▸ **THE INPUT**
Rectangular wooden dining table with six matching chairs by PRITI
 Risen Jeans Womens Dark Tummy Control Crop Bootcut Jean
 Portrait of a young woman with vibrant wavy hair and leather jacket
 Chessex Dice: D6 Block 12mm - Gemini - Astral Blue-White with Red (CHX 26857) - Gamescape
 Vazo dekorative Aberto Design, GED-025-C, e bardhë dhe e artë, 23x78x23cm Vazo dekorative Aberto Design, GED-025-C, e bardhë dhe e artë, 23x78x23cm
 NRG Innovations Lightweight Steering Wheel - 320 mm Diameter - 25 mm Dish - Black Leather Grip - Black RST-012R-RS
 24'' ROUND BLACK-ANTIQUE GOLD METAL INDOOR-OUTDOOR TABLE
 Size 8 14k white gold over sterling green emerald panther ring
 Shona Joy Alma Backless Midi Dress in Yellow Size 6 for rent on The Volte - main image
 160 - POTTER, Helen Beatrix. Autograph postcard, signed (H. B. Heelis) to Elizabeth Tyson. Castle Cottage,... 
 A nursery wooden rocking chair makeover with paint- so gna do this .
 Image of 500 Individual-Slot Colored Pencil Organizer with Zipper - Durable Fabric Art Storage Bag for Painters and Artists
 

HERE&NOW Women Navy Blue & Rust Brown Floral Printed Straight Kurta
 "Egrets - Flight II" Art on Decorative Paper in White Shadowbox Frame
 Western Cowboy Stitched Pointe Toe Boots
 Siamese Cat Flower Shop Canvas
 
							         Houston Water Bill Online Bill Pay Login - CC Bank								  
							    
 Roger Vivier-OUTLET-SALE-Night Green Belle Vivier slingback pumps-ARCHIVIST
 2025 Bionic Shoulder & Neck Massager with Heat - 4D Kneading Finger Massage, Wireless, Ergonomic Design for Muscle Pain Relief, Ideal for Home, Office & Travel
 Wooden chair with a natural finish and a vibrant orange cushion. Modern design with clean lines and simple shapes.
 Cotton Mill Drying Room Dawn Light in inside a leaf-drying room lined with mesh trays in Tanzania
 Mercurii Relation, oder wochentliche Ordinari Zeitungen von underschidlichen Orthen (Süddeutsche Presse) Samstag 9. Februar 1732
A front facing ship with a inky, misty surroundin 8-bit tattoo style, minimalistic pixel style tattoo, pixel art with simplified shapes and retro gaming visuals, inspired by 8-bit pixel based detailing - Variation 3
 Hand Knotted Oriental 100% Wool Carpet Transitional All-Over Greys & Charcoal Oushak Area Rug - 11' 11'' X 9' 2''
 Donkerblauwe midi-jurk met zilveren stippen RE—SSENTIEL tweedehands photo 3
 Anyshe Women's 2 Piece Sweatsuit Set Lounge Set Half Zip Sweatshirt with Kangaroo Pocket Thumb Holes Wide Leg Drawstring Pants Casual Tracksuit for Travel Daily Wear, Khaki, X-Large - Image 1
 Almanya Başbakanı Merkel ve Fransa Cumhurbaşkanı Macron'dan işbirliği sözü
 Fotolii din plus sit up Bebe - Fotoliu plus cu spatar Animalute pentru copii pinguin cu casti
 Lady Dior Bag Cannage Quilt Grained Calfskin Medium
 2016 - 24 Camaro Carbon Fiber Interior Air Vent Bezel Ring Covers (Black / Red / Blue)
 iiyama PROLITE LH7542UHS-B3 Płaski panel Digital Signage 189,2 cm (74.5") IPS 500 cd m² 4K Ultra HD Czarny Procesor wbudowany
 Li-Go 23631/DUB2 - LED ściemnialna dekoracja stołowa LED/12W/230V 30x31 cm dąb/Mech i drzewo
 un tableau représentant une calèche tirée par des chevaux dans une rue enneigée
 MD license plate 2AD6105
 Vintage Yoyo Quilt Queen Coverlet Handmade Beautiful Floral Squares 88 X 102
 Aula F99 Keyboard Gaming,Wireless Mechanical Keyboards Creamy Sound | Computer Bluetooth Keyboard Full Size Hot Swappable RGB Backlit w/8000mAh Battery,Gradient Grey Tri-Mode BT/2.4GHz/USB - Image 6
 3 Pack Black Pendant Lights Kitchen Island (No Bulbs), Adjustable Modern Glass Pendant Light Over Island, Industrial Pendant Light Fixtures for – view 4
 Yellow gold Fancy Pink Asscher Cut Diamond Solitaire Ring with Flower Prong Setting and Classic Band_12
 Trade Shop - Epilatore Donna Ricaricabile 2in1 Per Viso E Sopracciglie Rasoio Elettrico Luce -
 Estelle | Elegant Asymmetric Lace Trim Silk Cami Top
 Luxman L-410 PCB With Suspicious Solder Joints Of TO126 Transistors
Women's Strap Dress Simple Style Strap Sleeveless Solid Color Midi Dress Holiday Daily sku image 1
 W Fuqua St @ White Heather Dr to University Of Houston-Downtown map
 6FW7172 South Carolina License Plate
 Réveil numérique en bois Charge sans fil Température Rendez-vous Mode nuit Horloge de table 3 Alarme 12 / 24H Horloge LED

▸ **WHAT NEEDS TO BE DONE**
Could you retype exactly the lines above, starting at the line that contains "iiyama PROLITE LH7542UHS-B3" and ending at the line that contains "W Fuqua St @", and nothing more?

▸ **EXERCISE RESULT**
 iiyama PROLITE LH7542UHS-B3 Płaski panel Digital Signage 189,2 cm (74.5") IPS 500 cd m² 4K Ultra HD Czarny Procesor wbudowany
 Li-Go 23631/DUB2 - LED ściemnialna dekoracja stołowa LED/12W/230V 30x31 cm dąb/Mech i drzewo
 un tableau représentant une calèche tirée par des chevaux dans une rue enneigée
 MD license plate 2AD6105
 Vintage Yoyo Quilt Queen Coverlet Handmade Beautiful Floral Squares 88 X 102
 Aula F99 Keyboard Gaming,Wireless Mechanical Keyboards Creamy Sound | Computer Bluetooth Keyboard Full Size Hot Swappable RGB Backlit w/8000mAh Battery,Gradient Grey Tri-Mode BT/2.4GHz/USB - Image 6
 3 Pack Black Pendant Lights Kitchen Island (No Bulbs), Adjustable Modern Glass Pendant Light Over Island, Industrial Pendant Light Fixtures for – view 4
 Yellow gold Fancy Pink Asscher Cut Diamond Solitaire Ring with Flower Prong Setting and Classic Band_12
 Trade Shop - Epilatore Donna Ricaricabile 2in1 Per Viso E Sopracciglie Rasoio Elettrico Luce -
 Estelle | Elegant Asymmetric Lace Trim Silk Cami Top
 Luxman L-410 PCB With Suspicious Solder Joints Of TO126 Transistors
Women's Strap Dress Simple Style Strap Sleeveless Solid Color Midi Dress Holiday Daily sku image 1
 W Fuqua St @ White Heather Dr to University Of Houston-Downtown map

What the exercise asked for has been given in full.